Soudan : au bord de la guerre civile

La stabilité qui semblait s'être installée il y a deux ans, après le renversement du président Omar al-Bashir, suivi d'une période d'incidents et d'affrontements qui ont abouti à un accord en 2021 entre les forces armées qui soutenaient un régime dictatorial sous la promesse ambiguë d'élections, a explosé ce week-end avec des affrontements qui ont fait des dizaines de morts.  

Les négociations du week-end n'ont pas permis de désamorcer la situation.

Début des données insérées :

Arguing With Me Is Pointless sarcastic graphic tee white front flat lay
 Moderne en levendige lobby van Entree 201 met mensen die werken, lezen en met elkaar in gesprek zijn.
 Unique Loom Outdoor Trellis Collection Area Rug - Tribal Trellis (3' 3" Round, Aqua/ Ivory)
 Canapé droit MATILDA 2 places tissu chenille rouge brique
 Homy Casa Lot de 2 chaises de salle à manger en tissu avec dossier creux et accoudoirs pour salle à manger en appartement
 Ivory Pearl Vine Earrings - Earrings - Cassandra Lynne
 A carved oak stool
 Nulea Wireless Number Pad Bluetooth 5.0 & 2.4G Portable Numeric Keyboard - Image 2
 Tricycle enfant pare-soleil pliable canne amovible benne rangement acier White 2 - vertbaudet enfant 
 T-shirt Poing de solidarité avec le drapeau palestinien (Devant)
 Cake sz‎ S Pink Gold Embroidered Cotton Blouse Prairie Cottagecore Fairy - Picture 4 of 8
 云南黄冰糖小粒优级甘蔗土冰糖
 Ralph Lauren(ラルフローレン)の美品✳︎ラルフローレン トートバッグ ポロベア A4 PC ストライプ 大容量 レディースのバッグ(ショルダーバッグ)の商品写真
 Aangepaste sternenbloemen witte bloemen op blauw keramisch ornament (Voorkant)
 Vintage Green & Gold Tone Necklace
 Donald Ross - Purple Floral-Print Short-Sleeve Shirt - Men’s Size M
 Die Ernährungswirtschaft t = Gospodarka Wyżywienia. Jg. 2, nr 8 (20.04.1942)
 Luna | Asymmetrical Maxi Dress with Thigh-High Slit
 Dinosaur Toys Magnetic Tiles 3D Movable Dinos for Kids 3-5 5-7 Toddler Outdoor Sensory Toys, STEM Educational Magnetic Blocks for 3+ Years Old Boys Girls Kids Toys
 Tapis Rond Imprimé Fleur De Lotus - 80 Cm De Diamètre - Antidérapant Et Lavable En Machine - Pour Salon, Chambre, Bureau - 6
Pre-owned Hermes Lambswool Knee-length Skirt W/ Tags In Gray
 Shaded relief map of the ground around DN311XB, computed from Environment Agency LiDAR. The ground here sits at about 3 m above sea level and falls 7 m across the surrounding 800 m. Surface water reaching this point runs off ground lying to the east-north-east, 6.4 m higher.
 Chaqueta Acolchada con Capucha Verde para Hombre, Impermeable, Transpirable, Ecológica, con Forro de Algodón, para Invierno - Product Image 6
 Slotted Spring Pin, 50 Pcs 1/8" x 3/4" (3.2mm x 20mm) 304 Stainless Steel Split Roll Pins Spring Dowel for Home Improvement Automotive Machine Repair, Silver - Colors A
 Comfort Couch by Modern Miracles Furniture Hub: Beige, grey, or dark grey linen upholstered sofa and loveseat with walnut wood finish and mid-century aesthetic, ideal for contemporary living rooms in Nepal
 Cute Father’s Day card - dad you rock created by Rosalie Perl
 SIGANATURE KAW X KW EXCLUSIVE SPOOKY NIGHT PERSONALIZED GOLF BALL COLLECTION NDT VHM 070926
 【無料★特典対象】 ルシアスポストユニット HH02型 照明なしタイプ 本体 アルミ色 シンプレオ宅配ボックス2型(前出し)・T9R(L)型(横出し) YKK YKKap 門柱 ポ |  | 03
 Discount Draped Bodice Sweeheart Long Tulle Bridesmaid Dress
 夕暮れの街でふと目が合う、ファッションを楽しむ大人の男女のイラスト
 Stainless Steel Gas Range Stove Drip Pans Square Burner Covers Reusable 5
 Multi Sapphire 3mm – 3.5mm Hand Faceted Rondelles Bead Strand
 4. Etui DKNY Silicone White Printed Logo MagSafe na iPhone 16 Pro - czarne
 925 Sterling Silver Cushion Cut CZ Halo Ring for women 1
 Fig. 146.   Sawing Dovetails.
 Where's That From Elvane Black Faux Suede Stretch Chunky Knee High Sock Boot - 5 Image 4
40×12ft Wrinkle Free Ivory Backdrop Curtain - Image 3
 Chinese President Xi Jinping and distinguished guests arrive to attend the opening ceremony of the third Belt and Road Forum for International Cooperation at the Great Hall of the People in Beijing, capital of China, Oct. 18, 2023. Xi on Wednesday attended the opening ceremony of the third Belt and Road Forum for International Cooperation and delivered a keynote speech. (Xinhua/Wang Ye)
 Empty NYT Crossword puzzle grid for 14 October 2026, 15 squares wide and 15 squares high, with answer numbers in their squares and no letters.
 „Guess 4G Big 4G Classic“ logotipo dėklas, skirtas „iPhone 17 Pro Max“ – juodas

Lundi, Khartoum, la capitale, et plusieurs grandes villes du pays se sont réveillées dans un état de guerre civile totale, se disputant les aéroports, la télévision et le siège même du gouvernement que les rebelles n'ont pas réussi à occuper.  Les deux camps se sont affrontés dans les rues avec un déploiement d'artillerie lourde et parfois aussi avec l'intervention de l'armée de l'air qui a bombardé des cibles spécifiques. 

Tout cela est plutôt confus lorsqu'on se penche sur les origines des affrontements entre les armées qui se partageaient le pouvoir depuis 2021. La gravité des combats, essentiellement urbains, a fait un très grand nombre de victimes civiles, tandis que la population reste confinée chez elle, sans électricité, sans eau courante et sans accès aux produits de base tels que la nourriture et les médicaments. Les informations disponibles établissent le conflit entre les deux généraux qui occupaient la présidence et la vice-présidence de la junte militaire qui partageait le gouvernement. 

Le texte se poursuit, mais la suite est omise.